● PROBLEM TO WORK ON:
Please copy the records below word for word, leaving out the pictures.

● Entries taken from a collection:
####

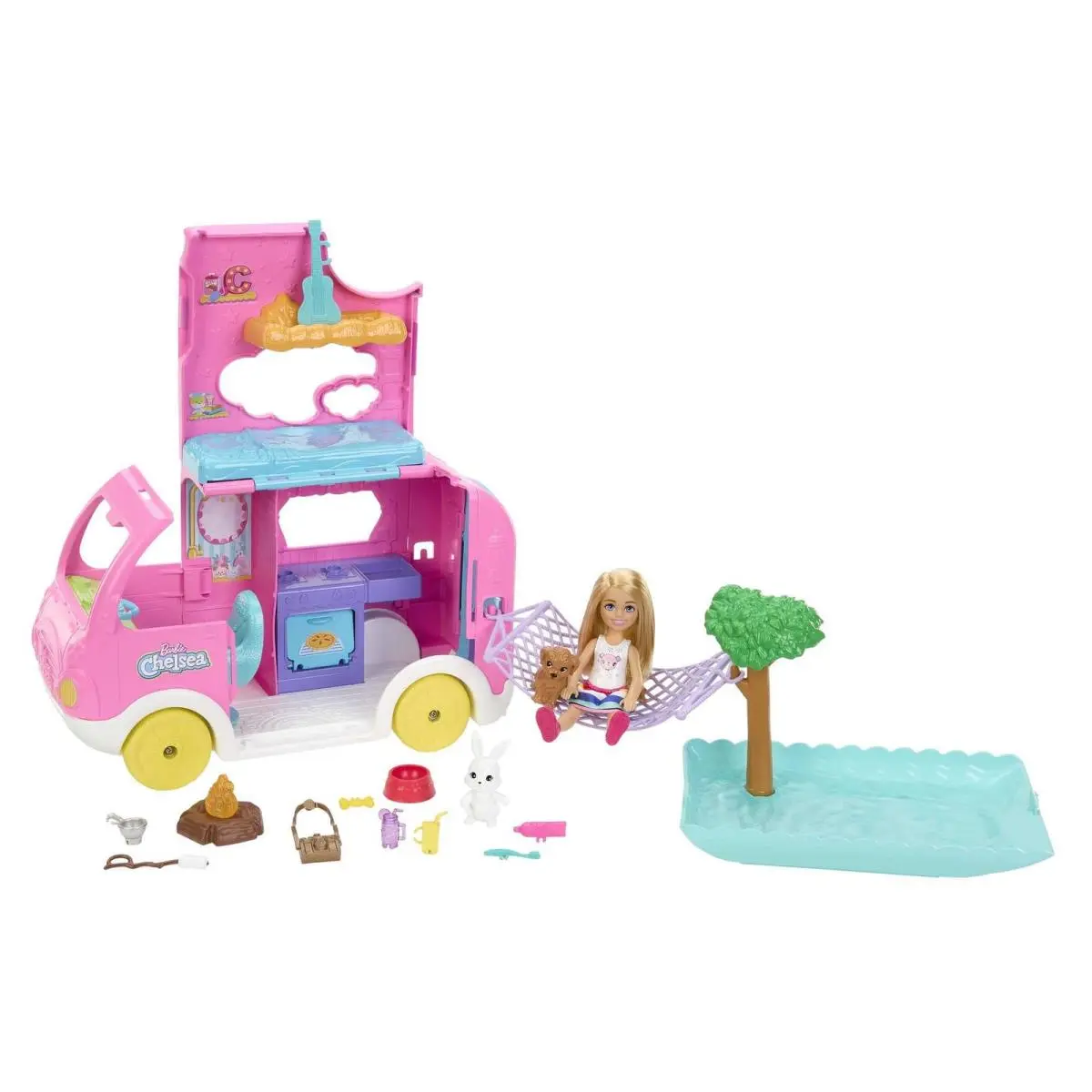 Barbie 2023 Camper Chelsea 2-in-1 Playset with Small Doll 2 Pets 15 Acce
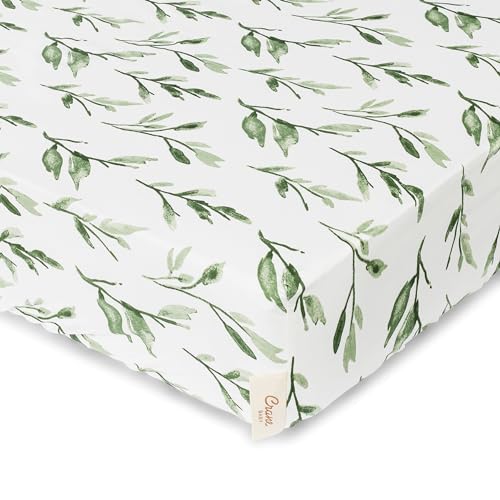 Image of Crane Baby 100% Cotton Sateen Crib Sheet, Fitted for Cribs and Toddler Beds, Baby Crib Sheets, Baby Bedding for Boys and Girls, Green Leaf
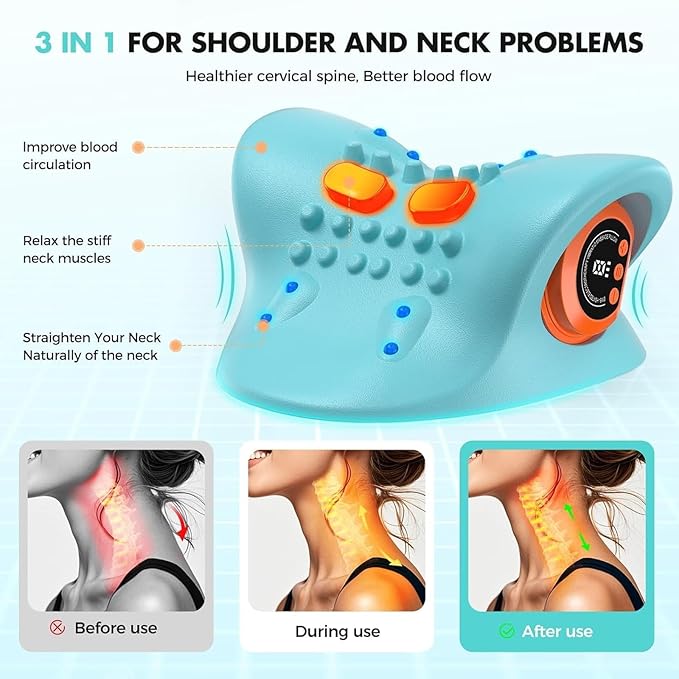 Multifunctional Neck Massager Relieves Neck Fatigue, 6 Massage Intensity Levels and Heating Functionality, an Ideal Gift for Family and Friends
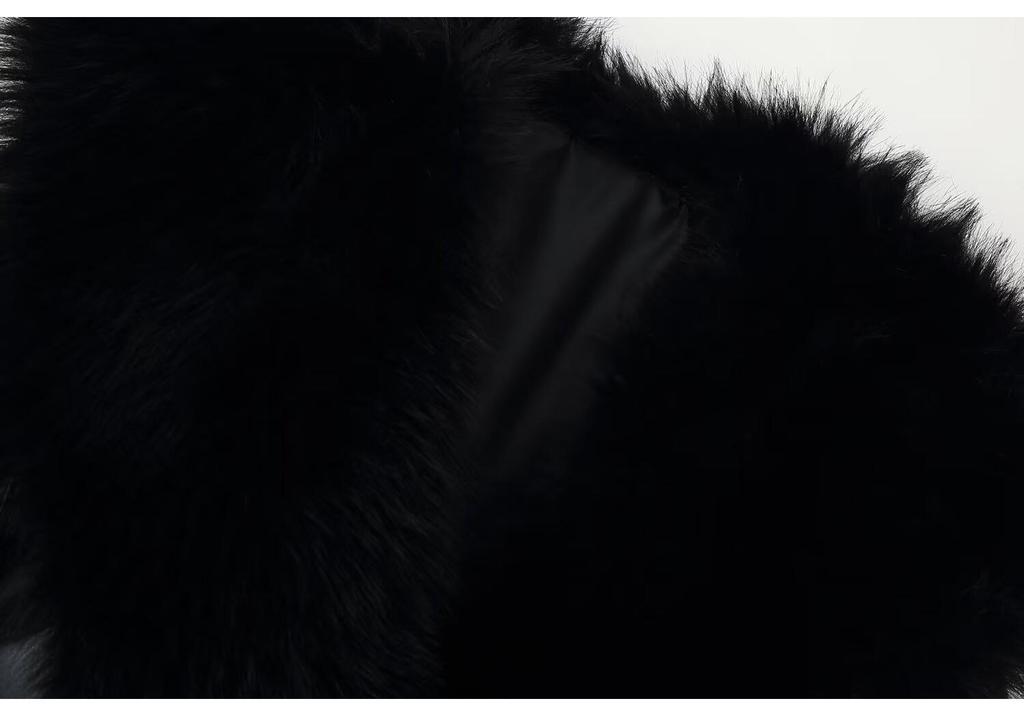 2025 Autumn Women's Fur Collar Patchwork Leather Jacket with Long Sleeves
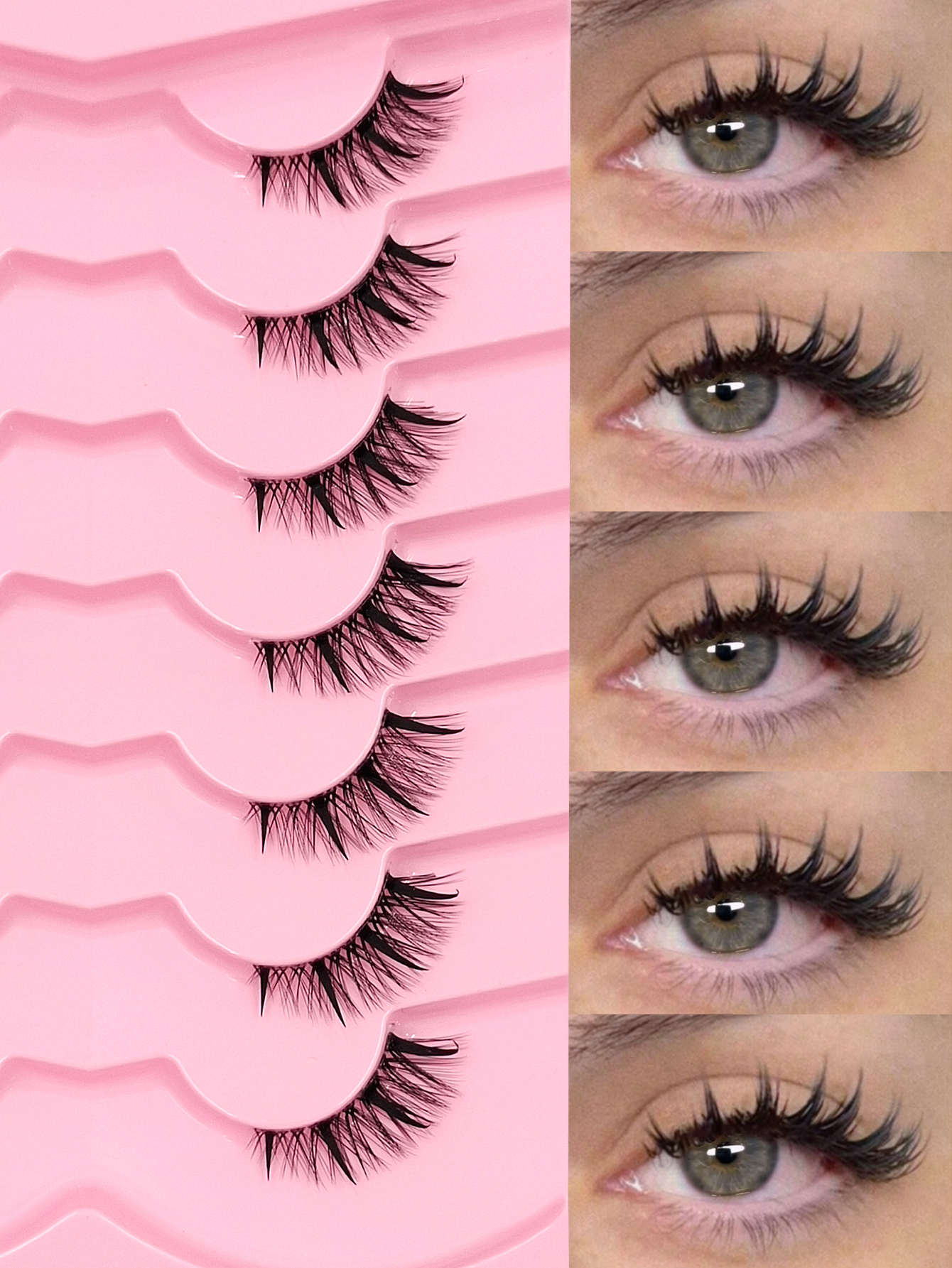 Sibeuna 7 Pairs Half Eye Lashes,Cartoon Style False Eyelashes,Tail Lengthening Eyelashes Thai False Eyelashes Cat's Eye Lashes Suitable For Holiday Party Travel Makeup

####

● THE ANSWER:
 Barbie 2023 Camper Chelsea 2-in-1 Playset with Small Doll 2 Pets 15 Acce
 Image of Crane Baby 100% Cotton Sateen Crib Sheet, Fitted for Cribs and Toddler Beds, Baby Crib Sheets, Baby Bedding for Boys and Girls, Green Leaf
 Multifunctional Neck Massager Relieves Neck Fatigue, 6 Massage Intensity Levels and Heating Functionality, an Ideal Gift for Family and Friends
 2025 Autumn Women's Fur Collar Patchwork Leather Jacket with Long Sleeves
 Sibeuna 7 Pairs Half Eye Lashes,Cartoon Style False Eyelashes,Tail Lengthening Eyelashes Thai False Eyelashes Cat's Eye Lashes Suitable For Holiday Party Travel Makeup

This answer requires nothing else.